Hepatitis E virus (HEV) is a single-stranded RNA virus that is an important cause of acute and self-limitating hepatitis and could lead to fulminant liver failure in the setting of pregnancy. Additionally, in immunosuppressed patients, HEV may cause chronic infection with the development of sequels including fibrosis and cirrhosis. Worldwide, HEV has been also associated with extrahepatic manifestations such as neurological and renal disease. In spite of that, HEV remains poorly characterized and is frequently unidentified or misdiagnosed by clinicians. Although fecal-oral route is the most common via of HEV transmission, HEV can be also vertically transmitted from infected mothers to their fetuses. HEV may spread by zoonotic transmission from infected animals to humans and through person-to-person contact. Moreover, HEV is now recognized as a potentially transfusion-transmitted virus. Currently, it is estimated that there are more than 20 million HEV infections every year worldwide, leading to 3.3 million symptomatic cases and more than 56,000 deaths.1

HEV is highly distributed in the globe and has been described with at least 8 genotypes circulating in different species. Genotypes 1 and 2 have exclusively been found in humans, whereas genotype 3 and 4 are zoonotic in nature and are detected in humans and more frequently in animals such as pigs, deers, and boars. Limited sequences of genotypes 5–8 are currently available and are detected in other mammals. It is accepted that manifestation of HEV disease, source of infection, and route of transmission vary by genotype.2 Thus, accurate identification and diagnosis of HEV has important implications for patient management, disease control, epidemiology, and characterization of transmission mechanisms.

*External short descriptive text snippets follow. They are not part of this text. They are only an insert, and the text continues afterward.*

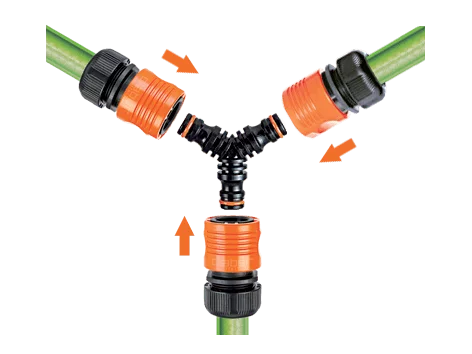 Адаптер трьохсторонній для конектора поливального шланга бл.
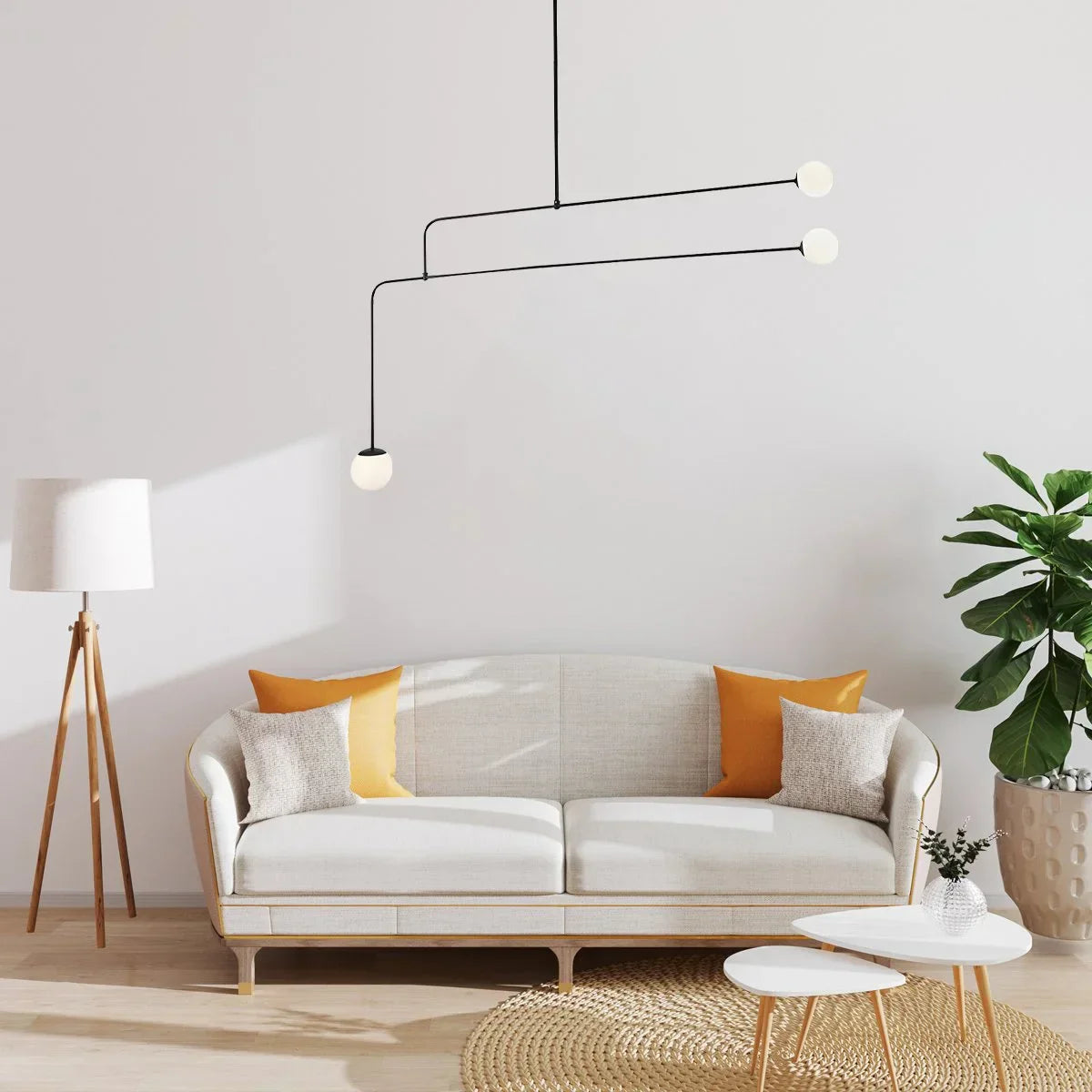 flairel Minimalist Linear Metal Chandelier
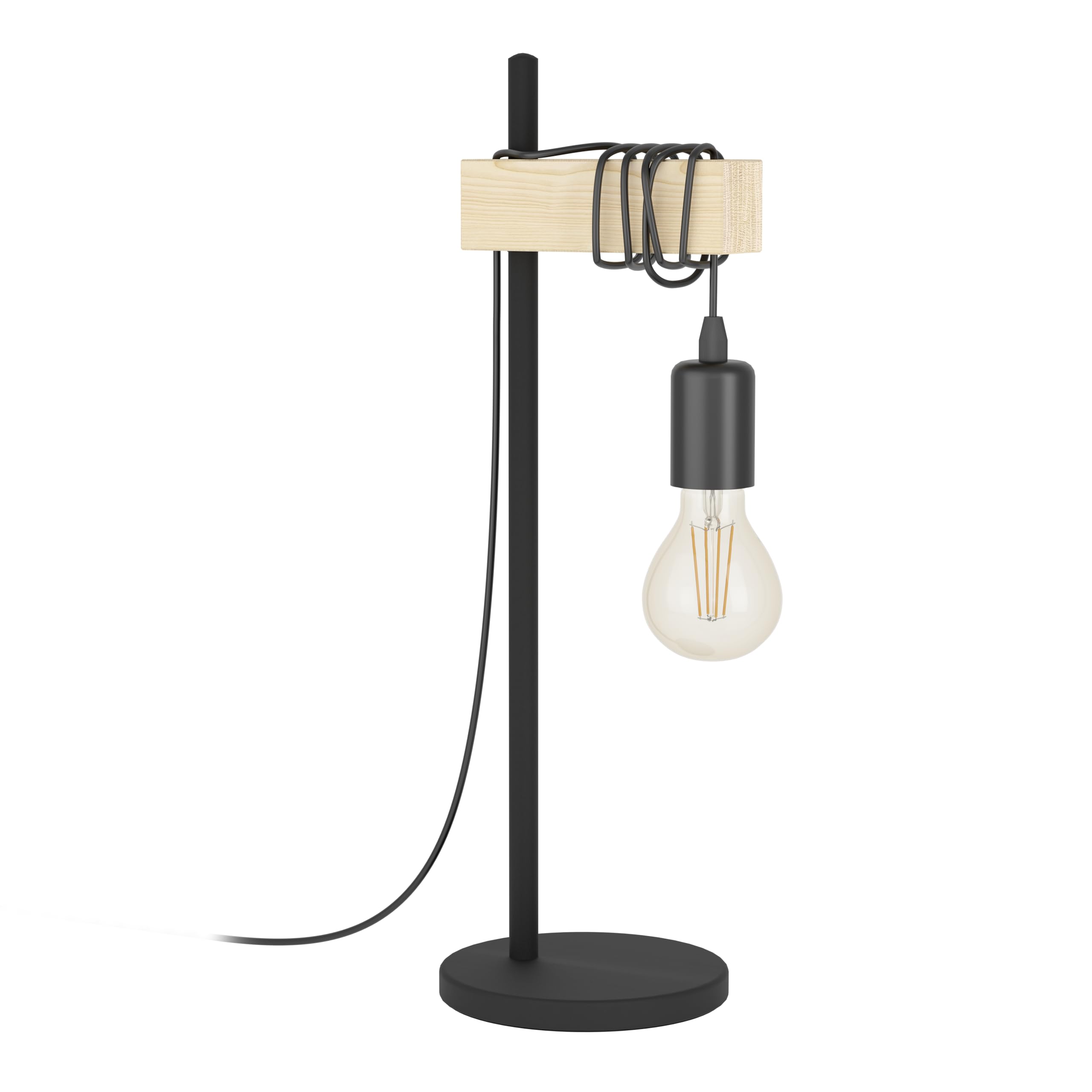 EGLO Lámpara de Mesa Townshend, lámpara Retro Vintage y Industrial, lámpara de mesita de Noche de Acero y Madera, Negro, marrón, Casquillo E27, Incl Interruptor, Certificado FSC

In the last years, the rates of liver disease have been increasing in Mexico. Alcohol consumption together with hepatitis A, B and C viruses (HAV, HBV and HCV) infections and non-alcoholic liver disease (NAFLD) are the main etiologies described in the country as associated to liver disease.3

Despite public efforts, Mexico has the highest rate of deaths in Latin America due to liver cirrhosis, with more than 30,000 deaths per year.3 Long-term projections of the disease suggest that by the year 2030 the number of cases related to liver deaths in Mexico will increase by 55%.4 Altogether suggests that the public policies that have been considered in the country still require close revision in order to contend with the main liver pathologies affecting the Mexican population.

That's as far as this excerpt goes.